Undeterred, Dred Scott continued to pursue his freedom in the federal courts, but he fared no better at the United States Supreme Court.

 

In May 1857 – more than 11 years after Dred Scott began his legal quest for freedom and two months after the United States Supreme Court ended it – the person who held Scott in slavery set him free.

 

 

Image of Dred Scott, as shown in an 1857 daguerreotype by J.H. Fitzgibbon (courtesy of the Missouri Historical Society, St. Louis):

 

Dred Scott died in November 1858 in St. Louis, not even 18 months after his emancipation. But his legacy remains. A memorial now stands outside the St.
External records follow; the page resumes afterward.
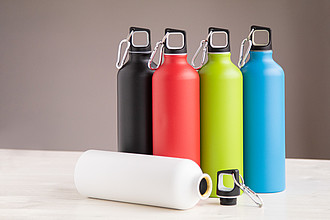 Hliníková láhev na pití, 750ml, matný povrch, černá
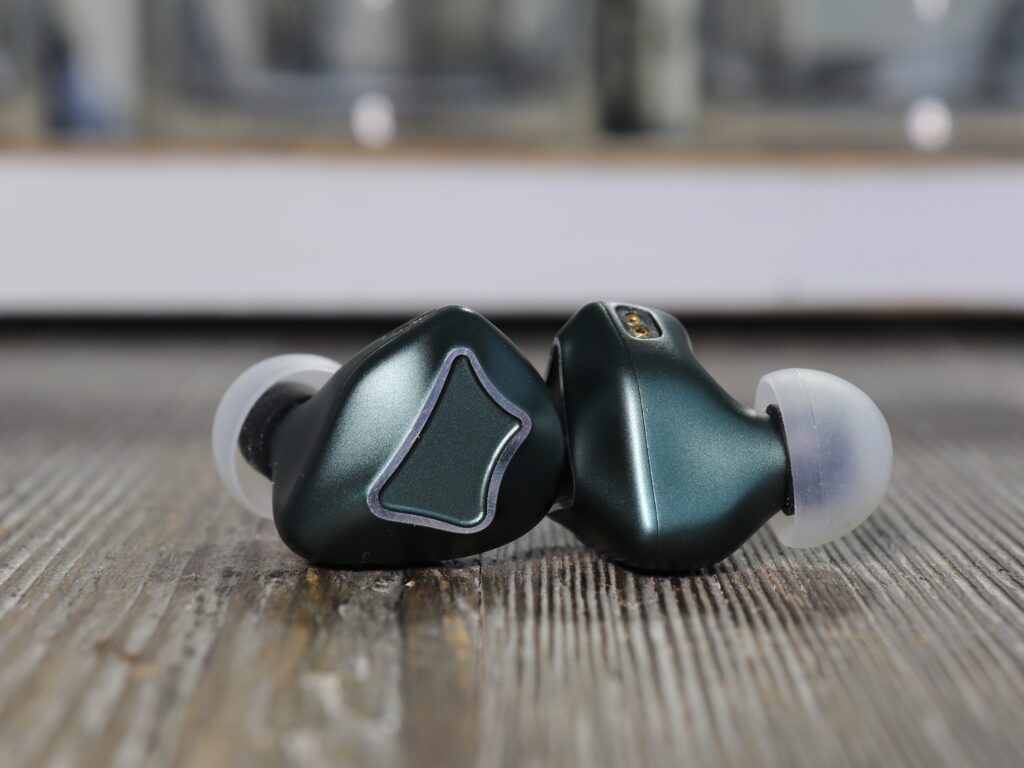 R1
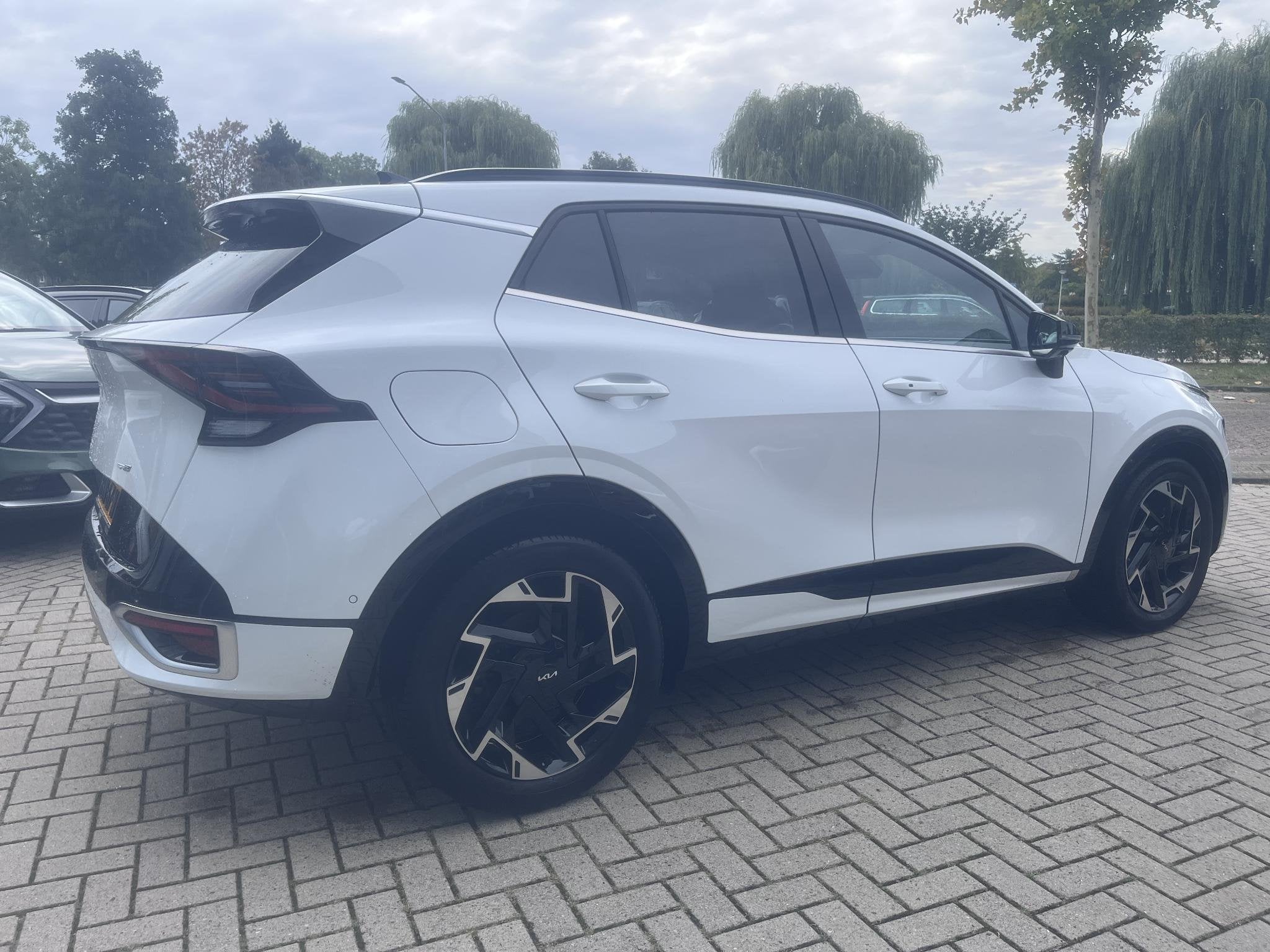 Kia Sportage 1.6 T-GDi Plug-in Hybrid AWD GT-PlusLine, Auto's, Automaat, 1350 kg, 14 kWh, Gebruikt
Louis civil courts building in honor of Dred Scott and all the individuals who sought their inalienable rights through freedom suits. I encourage you to learn more about this chapter of our history through the Freedom Suits memorial website.

 

As a judge, I often wonder how our collective history might have been different had Chief Justice Gamble been able to persuade his colleagues that courts never should abandon the principles of law and justice, which remain immutable even – and especially – when the result they require is unpopular.

 

During our state’s 200th anniversary in 2021, our Missouri General Assembly took steps to right this wrong. Through a concurrent resolution, legislators unanimously declared “the March 22, 1852, Missouri Supreme Court Dred Scott decision is fully and entirely renounced.” Through their action, our legislators sent a clear, unified message rejecting the injustice Dred Scott faced and recommitting to the principle of equal justice under the law.

 

I doubt Dred Scott ever could have imagined the impact his case has had on our nation. He was merely turning to the courts for a legal remedy: to enjoy the inalienable rights proclaimed in the Declaration of Independence. But his courage and determination were dauntless, and his legacy of hope and possibility lives on for all the generations who follow.

 

In fact, a century later, in March 1956, Judge Theodore McMillian, another St. Louisan – and the great-grandson of a slave – became Missouri’s first African-American state court judge, perhaps not ironically in the same circuit court that so long before had granted Scott’s freedom suit. Judge McMillian later became the first African-American judge on our state’s appellate court and, upon his 1978 appointment to the United States Circuit Court of Appeals for the Eighth Circuit, the first African American to serve as a federal judge at any level within the seven states comprising the circuit. Throughout his career, Judge McMillian was deeply committed to law, justice, and the people both are designed to serve. His dedication and perseverance paved the way for countless others to find success across both the public and private sectors.

 

As the stories of Dred Scott and Theodore McMillian illustrate, the Declaration of Independence’s promise of equality is profound, but it is not ensured. As declared, equality is self-evident … but not self-enforcing. Each generation must seek to protect the ideals so courageously declared in 1776.

 

I hope you will join me in doing all you can to ensure the enduring words of our Declaration are reflected in the lives of all Missourians today, and into the future as we continue our pursuit of a more perfect union.